We ran the monitor through a series of real-world and synthetic tests to see whether or not the AL2216w is worth parting cash for.
General Desktop Usage:
I spent most of my time with this monitor, using it for general office tasks – email, documents, web browsing and for these tasks it was satisfactory, if no more. However, I was sent a link to an amusing video which generated one of those everyone in the office crowd round a monitor
moments and this soon highlighted one of the major drawbacks of the screen – the poor viewing angles.
The screen is based on TN technology which never has great vertical viewing angles, but in the case of the AL22126w it seems the horizontal angles aren’t up to much either. All those wanting to view the video had to stand directly behind me, as viewing from the side causes a huge amount of colour shift. Blue turns to purple, white turns to yellow.

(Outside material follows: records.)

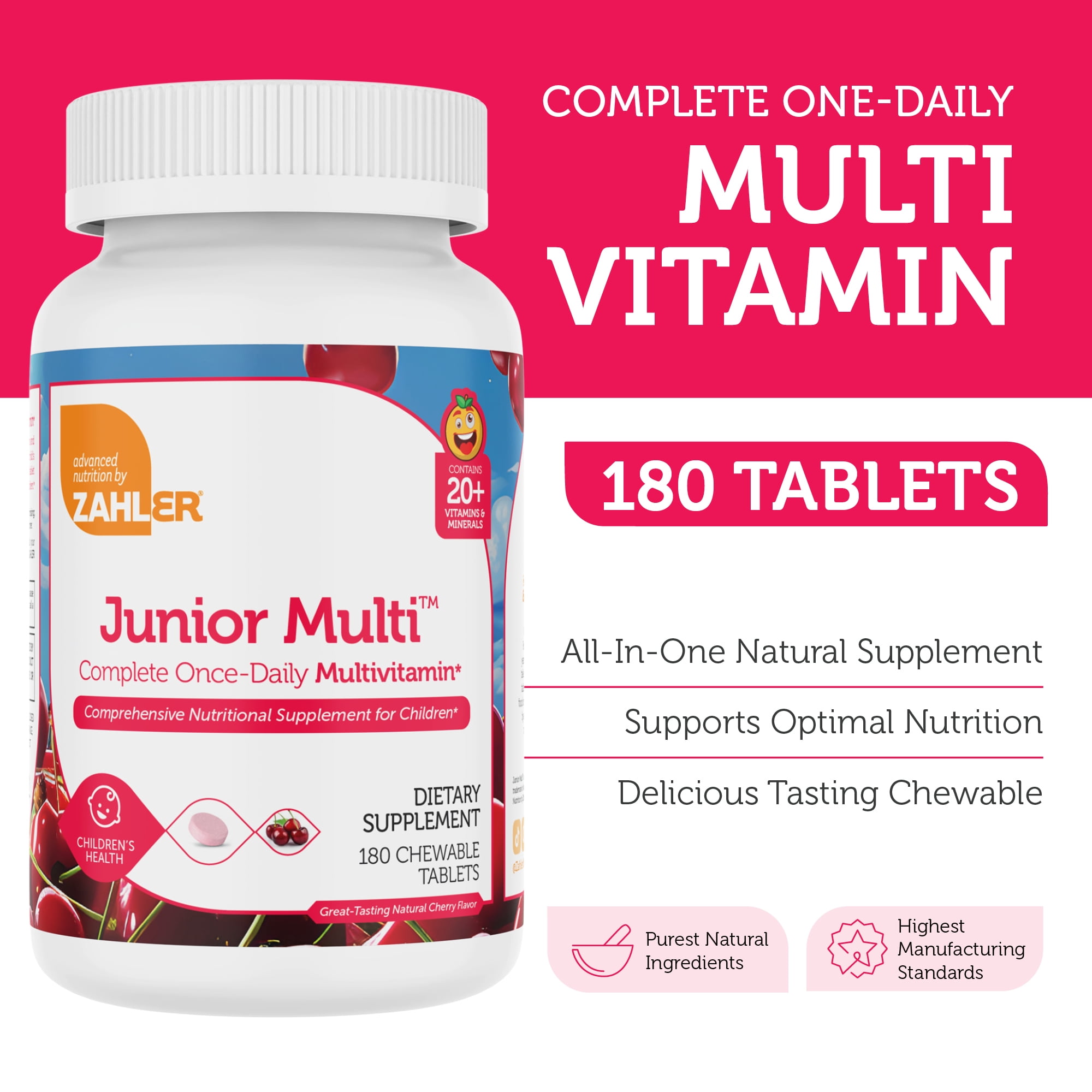 Zahler Kids Multivitamin Chewable Vitamin Tablet - Complete One Daily Kids Vitamins Supplement - Contains 20+ Minerals & Vitamins for Kids & Toddlers - Kosher Multivitamins Cherry Flavor (180)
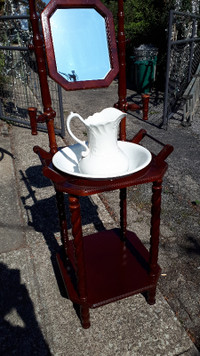 Wood Wash Stand with White Pitcher and Bowl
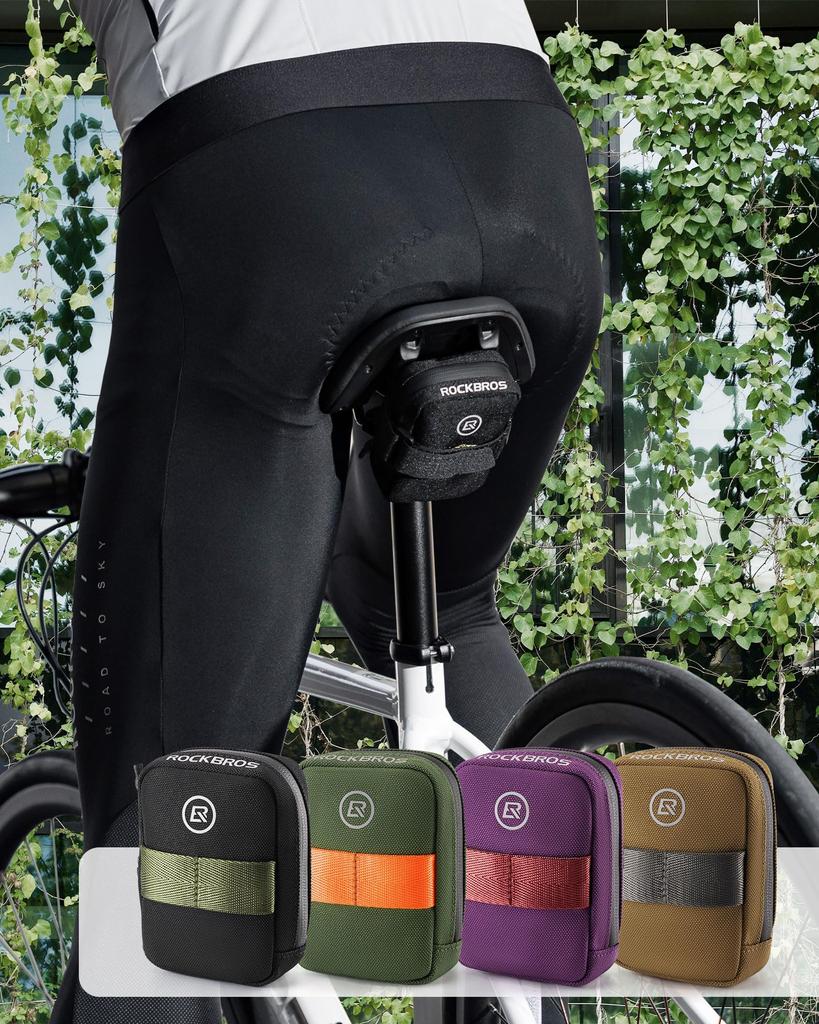 ROCKBROS Bicycle Saddle Mini Road Bike Easy Reflective Easy Installation Bag, Size, Bag, Compact, Ultra-Lightweight, Stable, Storage, Material,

High-Resolution Images & Video Playback:
The same was true with images. My immediate comparison was a 24" Dell 2407 display, which I don’t consider to be the last word for colour or detail, but it was noticeably better than the Acer. Even sitting directly in front of it video playback is no more than adequate. With black areas not showing that much detail and colours muted and lifeless. It’s very much the same thing with images – the monitor severely lacks colour vibrancy.
The theme continued in games. To test I fired up one of my favourites – Trackmania Nations ESWC, which is fun, colourful and fast – a good test for a monitors gaming performance. The monitor advertises a response time of 5ms, and certainly gameplay was completely smooth to my eyes. However, the old bugbear of colour was rearing its head. Trackmania has a lot of vibrant green in it, but on the Acer it doesn’t really have much impact. It fact, they’re positively dull.
The final test was putting the display through DisplayMate, which is a set of synthetic tests designed to highlight any weaknesses in a display and it certainly emphasised the problems I found in my subjective tests. Where the screen did well was in the sharpness and the 256 Intensity Level Colour Ramp – which was smooth and even, with no banding evident. However, in the colour uniformity test this was visible lighter patches, with darker seems of colour towards the bottom.
The Colour scaling tests was handled well in Text and Standard modes, but choosing the Graphics or Movie pre-sets, really revealed what these modes are about. On the far left, the blacks were no longer intense while in the two or three blocks became completely washed out. It’s trying to compensate for the lack of colour vividness by boosting brightness, but all it’s really doing it taking away detail.